Enfim chegara a hora da partida, que aquele pouco mais de dois meses parecera-lhe uma eternidade. A sogra, como fazia todos os anos, desde que o marido morrera, viera visitá-los. Na primeira semana, reconhecia, era uma convivência de certo modo agradável. Gentileza de ambos os lados e, a bem da verdade, de manifestações veladas de carinho e recíproca atenção. Com o passar dos dias, contudo, a coisa ia ficando pesada e o relacionamento quase insuportável, as intromissões na vida íntima do casal uma constante, razão por que, vez e outra, era inevitável tratá-la com rispidez.
A filha indignada.
Prestimoso, conduz nas duas mãos a bagagem da sogra.

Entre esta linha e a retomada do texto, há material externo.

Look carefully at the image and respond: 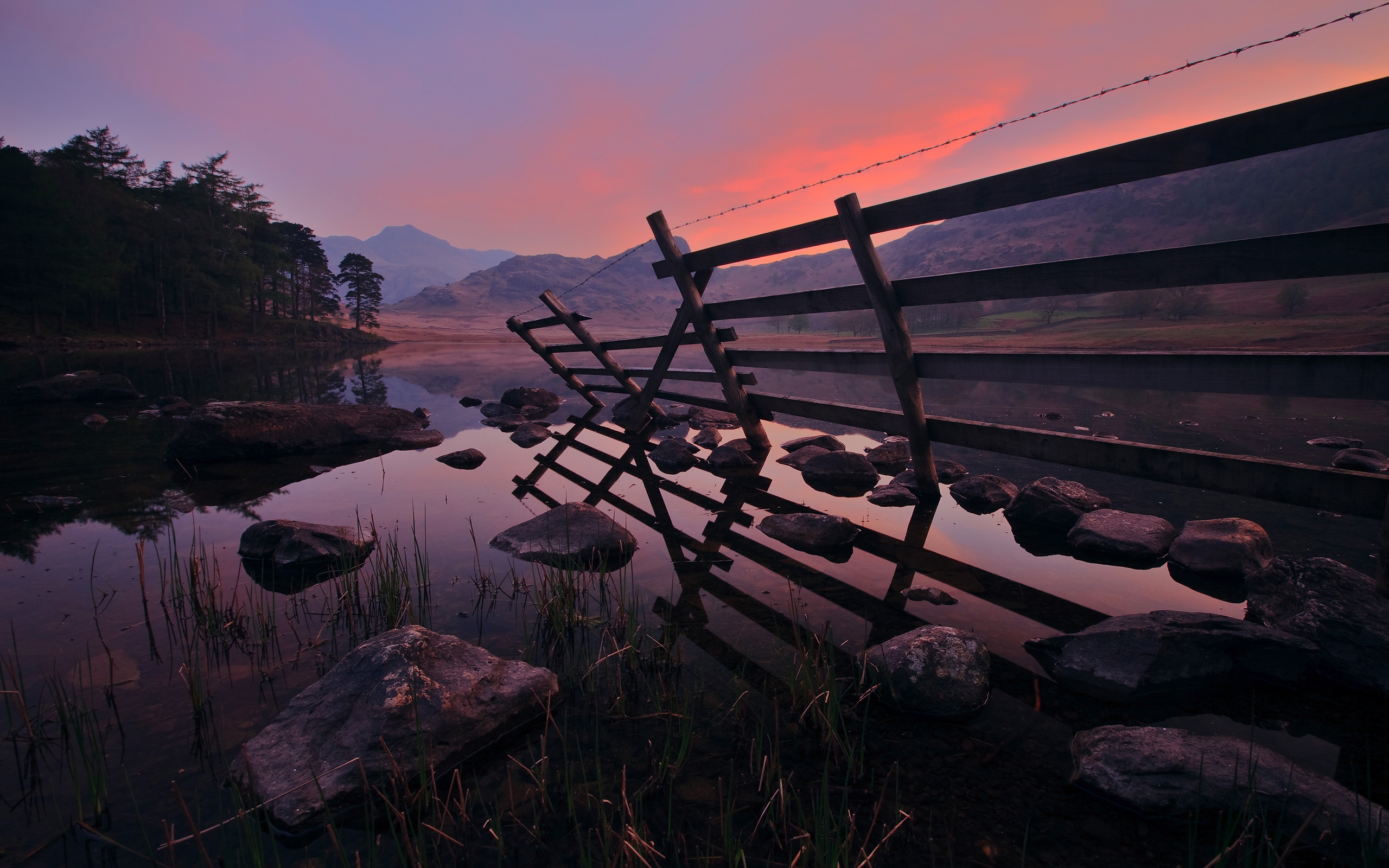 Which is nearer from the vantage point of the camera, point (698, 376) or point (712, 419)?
point (698, 376)

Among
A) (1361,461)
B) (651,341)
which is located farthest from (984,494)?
(651,341)

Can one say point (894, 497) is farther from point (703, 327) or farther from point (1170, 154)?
point (1170, 154)

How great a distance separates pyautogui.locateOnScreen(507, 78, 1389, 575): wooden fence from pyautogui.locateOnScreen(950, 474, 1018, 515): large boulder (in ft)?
1.46

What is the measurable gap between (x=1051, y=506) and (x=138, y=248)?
7466 centimetres

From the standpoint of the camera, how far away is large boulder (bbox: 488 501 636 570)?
14.7 ft

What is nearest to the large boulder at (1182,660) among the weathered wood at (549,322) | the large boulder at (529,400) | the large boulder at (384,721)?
the large boulder at (384,721)

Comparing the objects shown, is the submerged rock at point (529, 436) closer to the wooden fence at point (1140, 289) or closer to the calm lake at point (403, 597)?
the calm lake at point (403, 597)

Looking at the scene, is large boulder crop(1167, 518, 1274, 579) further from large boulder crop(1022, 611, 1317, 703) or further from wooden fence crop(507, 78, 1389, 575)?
large boulder crop(1022, 611, 1317, 703)

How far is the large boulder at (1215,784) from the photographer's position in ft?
5.77

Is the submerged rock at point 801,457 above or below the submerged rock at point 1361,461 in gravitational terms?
below

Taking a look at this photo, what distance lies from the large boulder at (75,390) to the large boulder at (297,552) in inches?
617

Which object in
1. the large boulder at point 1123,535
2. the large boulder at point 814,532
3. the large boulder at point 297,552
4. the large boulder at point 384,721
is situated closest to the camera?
the large boulder at point 384,721

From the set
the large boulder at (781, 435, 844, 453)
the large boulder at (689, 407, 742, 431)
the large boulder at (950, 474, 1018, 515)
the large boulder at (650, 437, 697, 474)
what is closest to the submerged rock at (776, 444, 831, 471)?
the large boulder at (781, 435, 844, 453)

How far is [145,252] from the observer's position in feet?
176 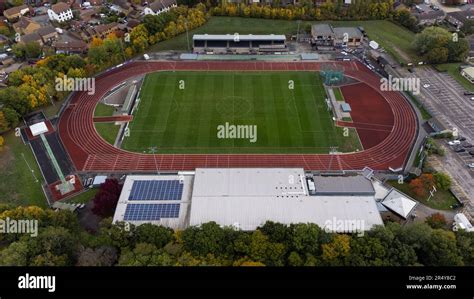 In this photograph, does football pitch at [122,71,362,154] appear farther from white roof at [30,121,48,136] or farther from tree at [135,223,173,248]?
tree at [135,223,173,248]

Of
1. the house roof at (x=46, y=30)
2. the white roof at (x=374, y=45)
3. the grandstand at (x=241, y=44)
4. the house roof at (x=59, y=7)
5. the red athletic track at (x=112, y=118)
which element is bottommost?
the red athletic track at (x=112, y=118)

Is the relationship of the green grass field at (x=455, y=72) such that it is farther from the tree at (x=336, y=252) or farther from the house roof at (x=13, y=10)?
the house roof at (x=13, y=10)

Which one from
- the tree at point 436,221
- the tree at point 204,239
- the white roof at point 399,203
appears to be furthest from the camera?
the white roof at point 399,203

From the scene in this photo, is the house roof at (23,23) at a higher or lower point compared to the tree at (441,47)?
higher

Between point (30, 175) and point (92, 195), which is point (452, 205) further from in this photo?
point (30, 175)

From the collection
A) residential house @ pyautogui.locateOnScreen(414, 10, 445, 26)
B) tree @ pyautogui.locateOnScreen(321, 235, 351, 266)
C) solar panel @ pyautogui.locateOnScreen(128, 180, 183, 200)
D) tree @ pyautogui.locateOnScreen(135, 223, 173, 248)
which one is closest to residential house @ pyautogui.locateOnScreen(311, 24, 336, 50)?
residential house @ pyautogui.locateOnScreen(414, 10, 445, 26)

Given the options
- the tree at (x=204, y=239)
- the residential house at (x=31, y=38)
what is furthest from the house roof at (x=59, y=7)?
the tree at (x=204, y=239)

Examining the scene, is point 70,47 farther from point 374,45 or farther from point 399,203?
point 399,203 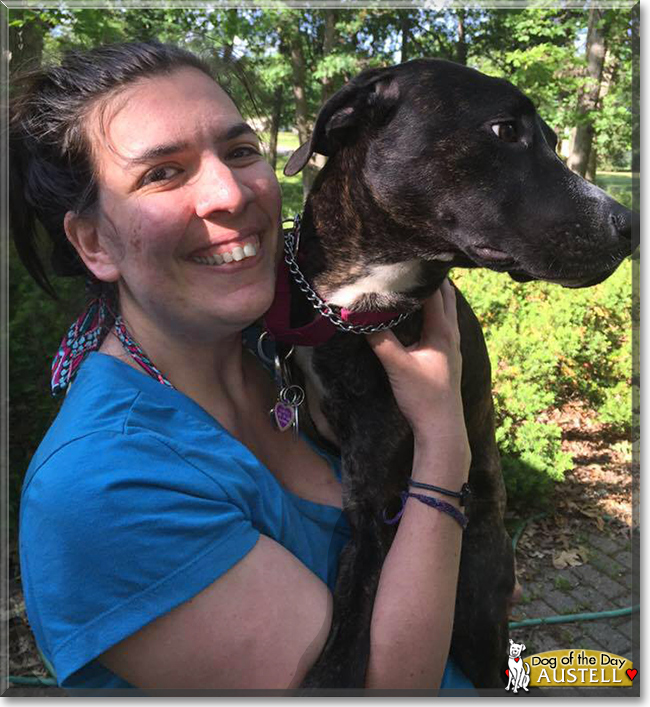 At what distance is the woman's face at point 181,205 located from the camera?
1.54m

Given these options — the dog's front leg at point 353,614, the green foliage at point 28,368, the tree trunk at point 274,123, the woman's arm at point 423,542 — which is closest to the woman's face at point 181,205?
the woman's arm at point 423,542

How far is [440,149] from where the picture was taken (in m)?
1.91

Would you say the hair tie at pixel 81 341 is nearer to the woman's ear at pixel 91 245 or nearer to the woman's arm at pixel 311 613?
the woman's ear at pixel 91 245

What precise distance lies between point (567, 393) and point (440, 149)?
415 cm

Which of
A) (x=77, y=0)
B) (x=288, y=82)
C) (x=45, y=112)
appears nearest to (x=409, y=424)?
(x=45, y=112)

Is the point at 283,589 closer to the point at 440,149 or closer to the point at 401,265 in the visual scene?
the point at 401,265

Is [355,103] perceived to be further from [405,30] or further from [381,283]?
[405,30]

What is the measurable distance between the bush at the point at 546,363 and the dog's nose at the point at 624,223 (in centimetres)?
290

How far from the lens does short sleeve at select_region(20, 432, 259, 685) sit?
1239 mm

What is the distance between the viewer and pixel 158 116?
1.55 m

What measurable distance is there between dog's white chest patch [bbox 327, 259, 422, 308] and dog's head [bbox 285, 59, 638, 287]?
54mm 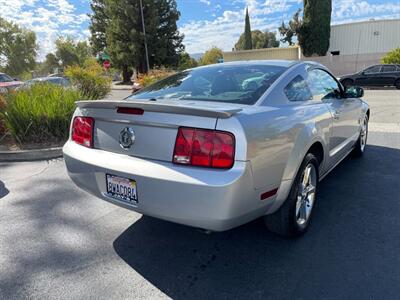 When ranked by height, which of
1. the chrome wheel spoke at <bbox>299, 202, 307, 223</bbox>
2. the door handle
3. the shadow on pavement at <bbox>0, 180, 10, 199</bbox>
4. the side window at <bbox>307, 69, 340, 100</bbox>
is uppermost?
the side window at <bbox>307, 69, 340, 100</bbox>

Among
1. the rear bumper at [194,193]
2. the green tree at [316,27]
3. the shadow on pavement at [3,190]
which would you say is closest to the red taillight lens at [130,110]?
the rear bumper at [194,193]

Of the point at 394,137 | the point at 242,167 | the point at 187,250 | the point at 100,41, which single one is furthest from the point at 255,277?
the point at 100,41

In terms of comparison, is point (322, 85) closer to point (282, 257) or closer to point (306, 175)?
point (306, 175)

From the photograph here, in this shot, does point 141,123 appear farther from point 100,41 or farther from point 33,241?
point 100,41

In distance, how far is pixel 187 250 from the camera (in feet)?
9.84

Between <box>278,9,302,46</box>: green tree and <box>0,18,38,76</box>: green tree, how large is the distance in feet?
135

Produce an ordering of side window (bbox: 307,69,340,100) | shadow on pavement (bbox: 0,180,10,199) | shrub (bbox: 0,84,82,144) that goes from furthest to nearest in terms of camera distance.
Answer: shrub (bbox: 0,84,82,144) → shadow on pavement (bbox: 0,180,10,199) → side window (bbox: 307,69,340,100)

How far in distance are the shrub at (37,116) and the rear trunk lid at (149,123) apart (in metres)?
4.29

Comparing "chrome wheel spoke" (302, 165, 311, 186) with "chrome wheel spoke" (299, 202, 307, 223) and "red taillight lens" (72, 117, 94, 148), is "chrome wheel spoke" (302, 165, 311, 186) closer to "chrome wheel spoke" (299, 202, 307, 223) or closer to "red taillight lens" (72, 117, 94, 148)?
"chrome wheel spoke" (299, 202, 307, 223)

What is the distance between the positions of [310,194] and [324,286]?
3.43 ft

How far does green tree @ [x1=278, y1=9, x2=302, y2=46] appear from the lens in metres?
33.5

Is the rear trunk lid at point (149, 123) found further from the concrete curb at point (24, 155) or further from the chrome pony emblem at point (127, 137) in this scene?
the concrete curb at point (24, 155)

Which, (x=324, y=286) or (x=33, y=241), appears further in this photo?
(x=33, y=241)

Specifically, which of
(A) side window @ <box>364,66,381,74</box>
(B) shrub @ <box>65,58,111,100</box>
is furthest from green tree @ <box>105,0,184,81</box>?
(B) shrub @ <box>65,58,111,100</box> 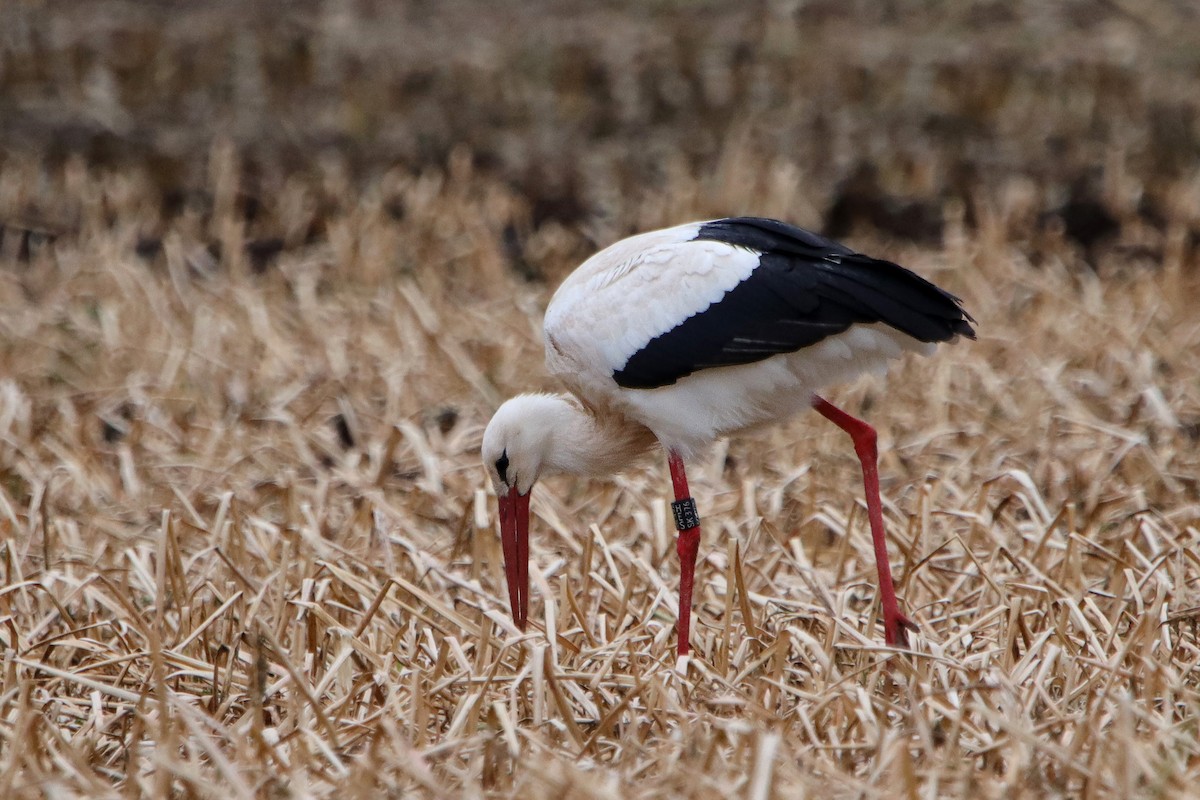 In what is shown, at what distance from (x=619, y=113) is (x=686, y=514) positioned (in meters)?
6.88

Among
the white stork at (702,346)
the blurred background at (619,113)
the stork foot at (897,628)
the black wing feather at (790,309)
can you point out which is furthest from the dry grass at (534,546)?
the black wing feather at (790,309)

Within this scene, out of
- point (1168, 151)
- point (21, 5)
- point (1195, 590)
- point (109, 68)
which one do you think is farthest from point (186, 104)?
point (1195, 590)

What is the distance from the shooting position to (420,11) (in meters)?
12.7

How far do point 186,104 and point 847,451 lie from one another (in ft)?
23.0

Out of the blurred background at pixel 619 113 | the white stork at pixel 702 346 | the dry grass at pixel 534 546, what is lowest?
the blurred background at pixel 619 113

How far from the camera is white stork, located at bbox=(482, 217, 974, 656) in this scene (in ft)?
12.9

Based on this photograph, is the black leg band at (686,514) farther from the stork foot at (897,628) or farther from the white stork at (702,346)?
the stork foot at (897,628)

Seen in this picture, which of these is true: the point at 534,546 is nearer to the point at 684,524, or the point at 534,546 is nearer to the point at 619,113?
the point at 684,524

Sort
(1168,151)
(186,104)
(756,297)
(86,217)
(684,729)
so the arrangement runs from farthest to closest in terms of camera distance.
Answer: (186,104) < (1168,151) < (86,217) < (756,297) < (684,729)

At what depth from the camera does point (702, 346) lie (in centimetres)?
407

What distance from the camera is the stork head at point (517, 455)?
4418mm

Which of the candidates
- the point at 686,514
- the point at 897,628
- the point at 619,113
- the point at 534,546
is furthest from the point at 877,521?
the point at 619,113

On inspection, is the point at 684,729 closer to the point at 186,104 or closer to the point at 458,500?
the point at 458,500

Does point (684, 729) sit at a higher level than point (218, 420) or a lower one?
higher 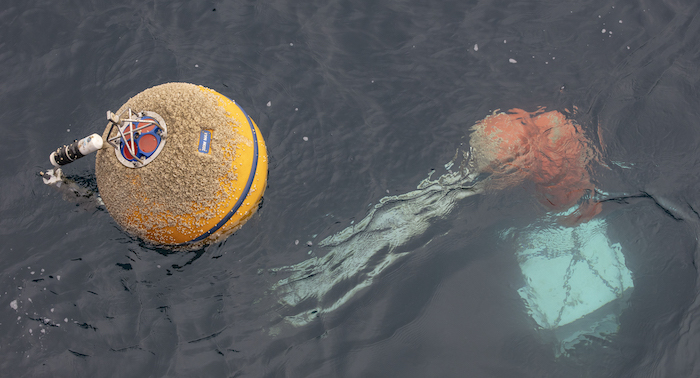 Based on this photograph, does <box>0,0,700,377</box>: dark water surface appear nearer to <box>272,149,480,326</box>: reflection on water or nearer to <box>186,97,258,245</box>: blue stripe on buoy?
<box>272,149,480,326</box>: reflection on water

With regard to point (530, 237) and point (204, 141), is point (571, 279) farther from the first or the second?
point (204, 141)

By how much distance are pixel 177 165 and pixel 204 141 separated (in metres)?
0.32

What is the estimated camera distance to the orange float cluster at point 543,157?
203 inches

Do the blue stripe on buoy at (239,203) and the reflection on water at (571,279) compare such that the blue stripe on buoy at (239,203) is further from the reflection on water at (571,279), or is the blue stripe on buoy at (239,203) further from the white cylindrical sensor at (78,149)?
the reflection on water at (571,279)

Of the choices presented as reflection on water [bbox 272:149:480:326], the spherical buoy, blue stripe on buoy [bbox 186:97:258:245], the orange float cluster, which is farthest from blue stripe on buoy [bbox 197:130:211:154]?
the orange float cluster

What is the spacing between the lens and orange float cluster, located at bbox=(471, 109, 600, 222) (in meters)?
5.16

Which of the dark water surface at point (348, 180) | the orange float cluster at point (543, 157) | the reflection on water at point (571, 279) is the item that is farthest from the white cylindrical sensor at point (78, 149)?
the reflection on water at point (571, 279)

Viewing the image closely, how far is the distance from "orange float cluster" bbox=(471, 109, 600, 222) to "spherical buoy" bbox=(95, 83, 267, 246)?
2840 mm

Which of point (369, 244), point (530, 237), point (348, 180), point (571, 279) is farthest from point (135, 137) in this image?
point (571, 279)

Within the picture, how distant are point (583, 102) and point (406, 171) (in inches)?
97.9

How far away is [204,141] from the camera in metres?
4.00

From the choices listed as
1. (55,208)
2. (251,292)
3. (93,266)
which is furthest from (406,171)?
(55,208)

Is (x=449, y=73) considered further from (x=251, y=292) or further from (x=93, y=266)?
(x=93, y=266)

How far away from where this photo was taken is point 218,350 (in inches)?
177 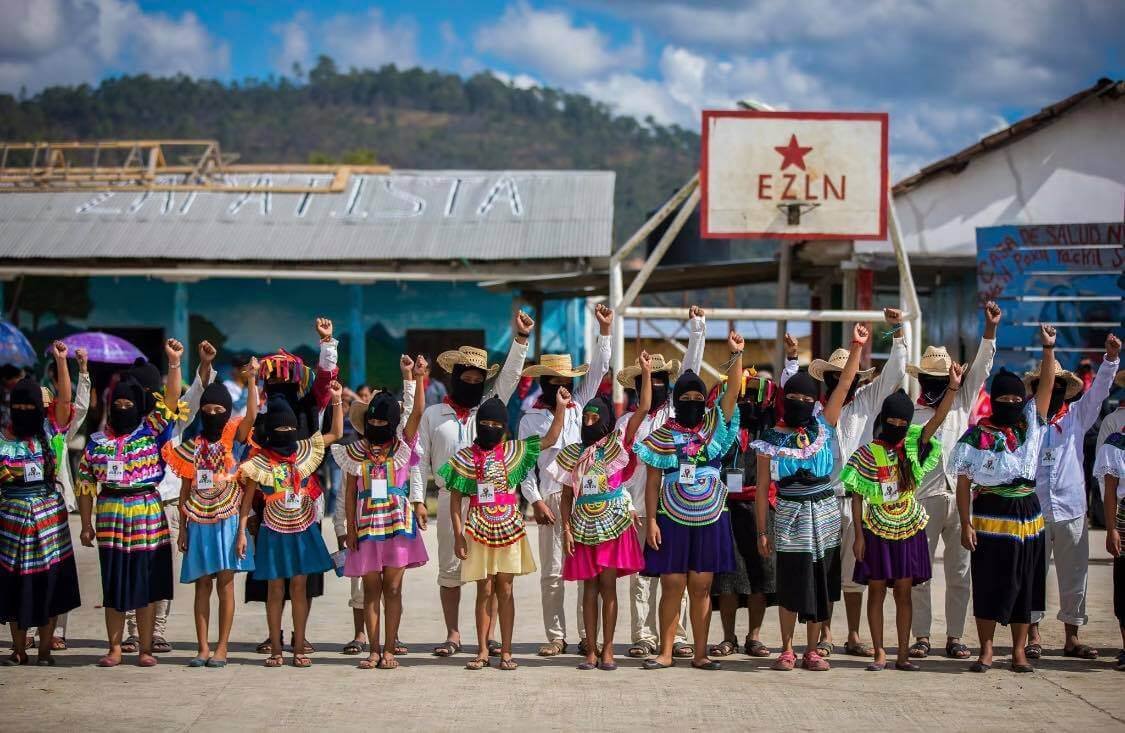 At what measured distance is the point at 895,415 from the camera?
7.99 m

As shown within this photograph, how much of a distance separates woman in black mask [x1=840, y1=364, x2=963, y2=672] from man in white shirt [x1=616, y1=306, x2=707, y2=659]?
3.96 ft

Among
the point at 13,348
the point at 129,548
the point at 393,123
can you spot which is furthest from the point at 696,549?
the point at 393,123

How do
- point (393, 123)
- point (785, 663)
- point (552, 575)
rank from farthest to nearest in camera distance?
point (393, 123) → point (552, 575) → point (785, 663)

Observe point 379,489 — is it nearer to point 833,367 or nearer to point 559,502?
point 559,502

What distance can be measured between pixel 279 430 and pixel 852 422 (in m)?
3.77

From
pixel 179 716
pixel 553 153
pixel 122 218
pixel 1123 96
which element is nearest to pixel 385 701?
pixel 179 716

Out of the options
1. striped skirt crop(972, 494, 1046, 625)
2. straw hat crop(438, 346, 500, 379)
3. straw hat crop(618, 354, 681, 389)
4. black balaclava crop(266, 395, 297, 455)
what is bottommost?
striped skirt crop(972, 494, 1046, 625)

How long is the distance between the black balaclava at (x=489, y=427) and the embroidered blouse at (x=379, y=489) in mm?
484

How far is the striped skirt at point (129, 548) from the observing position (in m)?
8.04

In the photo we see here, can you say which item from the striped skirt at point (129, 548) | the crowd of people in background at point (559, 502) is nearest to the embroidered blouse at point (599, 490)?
the crowd of people in background at point (559, 502)

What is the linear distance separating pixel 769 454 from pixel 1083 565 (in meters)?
2.45

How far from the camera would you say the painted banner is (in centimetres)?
1535

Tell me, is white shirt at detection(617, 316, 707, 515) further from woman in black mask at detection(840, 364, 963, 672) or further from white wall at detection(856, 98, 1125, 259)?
white wall at detection(856, 98, 1125, 259)

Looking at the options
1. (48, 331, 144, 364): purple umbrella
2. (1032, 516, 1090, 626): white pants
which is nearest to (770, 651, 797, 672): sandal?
(1032, 516, 1090, 626): white pants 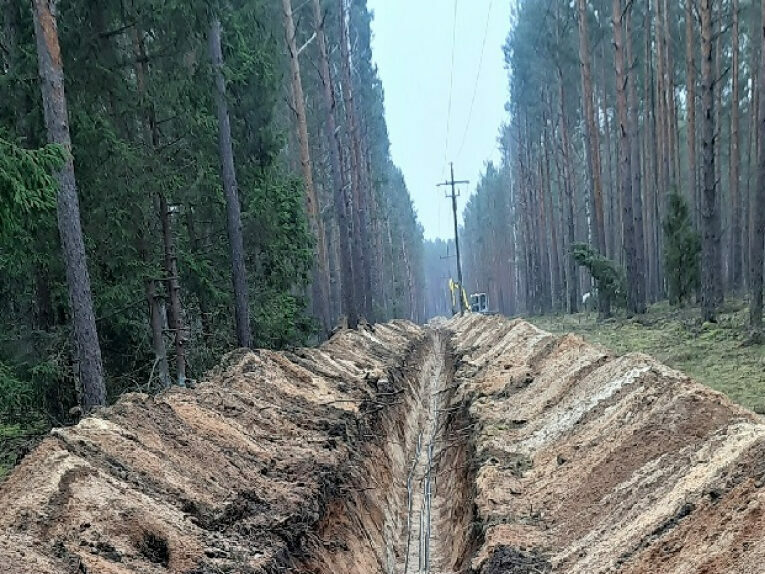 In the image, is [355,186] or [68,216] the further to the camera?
[355,186]

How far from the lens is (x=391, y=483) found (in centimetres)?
985

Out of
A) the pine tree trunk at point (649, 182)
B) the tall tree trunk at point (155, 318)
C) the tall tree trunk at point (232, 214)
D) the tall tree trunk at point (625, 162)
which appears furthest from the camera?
the pine tree trunk at point (649, 182)

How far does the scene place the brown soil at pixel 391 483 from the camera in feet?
15.1

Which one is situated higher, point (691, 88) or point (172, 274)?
point (691, 88)

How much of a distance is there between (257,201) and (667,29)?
53.1 feet

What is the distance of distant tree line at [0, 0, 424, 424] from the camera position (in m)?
8.48

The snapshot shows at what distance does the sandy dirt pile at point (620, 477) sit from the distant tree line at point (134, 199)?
17.2 feet

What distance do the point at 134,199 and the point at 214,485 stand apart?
650 cm

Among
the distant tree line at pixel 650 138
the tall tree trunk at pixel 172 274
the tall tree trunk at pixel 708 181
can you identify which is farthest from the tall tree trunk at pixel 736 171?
the tall tree trunk at pixel 172 274

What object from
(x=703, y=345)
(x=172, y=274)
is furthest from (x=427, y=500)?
(x=172, y=274)

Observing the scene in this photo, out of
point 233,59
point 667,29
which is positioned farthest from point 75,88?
point 667,29

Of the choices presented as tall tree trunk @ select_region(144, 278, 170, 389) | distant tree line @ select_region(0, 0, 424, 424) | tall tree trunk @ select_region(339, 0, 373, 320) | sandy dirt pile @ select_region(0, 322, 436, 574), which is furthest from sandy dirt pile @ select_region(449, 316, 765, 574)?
tall tree trunk @ select_region(339, 0, 373, 320)

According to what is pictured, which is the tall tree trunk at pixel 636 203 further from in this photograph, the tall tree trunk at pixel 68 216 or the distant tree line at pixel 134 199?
the tall tree trunk at pixel 68 216

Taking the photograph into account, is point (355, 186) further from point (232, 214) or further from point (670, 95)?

- Chumbo!, murmura até o portão, onde deixara o carro estacionado. Aloja-a com desenvoltura no portamalas. Só mais um pouquinho, pensa, e vejo-me livre dessa velha metida.
A filha enxugando as lágrimas com discrição.
A caminho do aeroporto, insincero, uma palavra ou outra gentil. Dizia que os dias haviam passado rápido, que as crianças iam sentir muito a falta da avó...
A mulher olhando de soslaio: - "Um falso, isso sim!", sem dizer palavra.
De repente, numa curva mais acentuada, toca-lhe o calcanhar um sapato alto, que, a custo, consegue esconder sob o banco do carro, sem que a mulher perceba. Lembra, então, da noite passada, quando, doses a mais no happy hour, saíra para um programa com uma colega de trabalho, a consciência ainda pesando-lhe pelo espetáculo num quarto de motel.
- O que há, Marcelo, por que corre tanto?
Finge não escutar, os pingos de suor escorrendo-lhe pela face. E, novamente, o sapato, insistente, confundindo-se com o acelerador do carro, inconveniente, atrevido, denunciador. Empurra-o, outra vez, sem que a mulher acompanhe o movimento do pé, habilidoso em ocultar o que lhe parecia a prova do crime.
- Marcelo, você está esquisito. O que é?
- Eu, imagina! Está tudo bem.
Esboça um sorriso amarelo pelo retrovisor.
- E aí, dona Sílvia, deixando saudade, hein?
Hipócrita! A mulher balbucia por entre os dentes.
A poucos minutos do aeroporto, aproveitando-se da pouca luz do Rebouças, o túnel que começavam a atravessar, a pretexto de fechar a porta do automóvel, como em milagre, consegue livrar-se do objeto incomôdo e ameaçador.
- O que foi, agora, Marcelo?
- A porta, estava aberta.
Atenta à conversa, a sogra levanta as mãos em agradecimento, o olhar no teto do carro, como se fora o céu.
Pára no terminal de embarque, contorna o automóvel, solícito, para abrir-lhe a porta. Só então se dá conta de que a sogra ocupa-se na procura inútil.
- Meu sapato, não estou achando! - diz, tateando o chão.
- O quê? Que sapato?
Aquele de que se livrara minutos antes.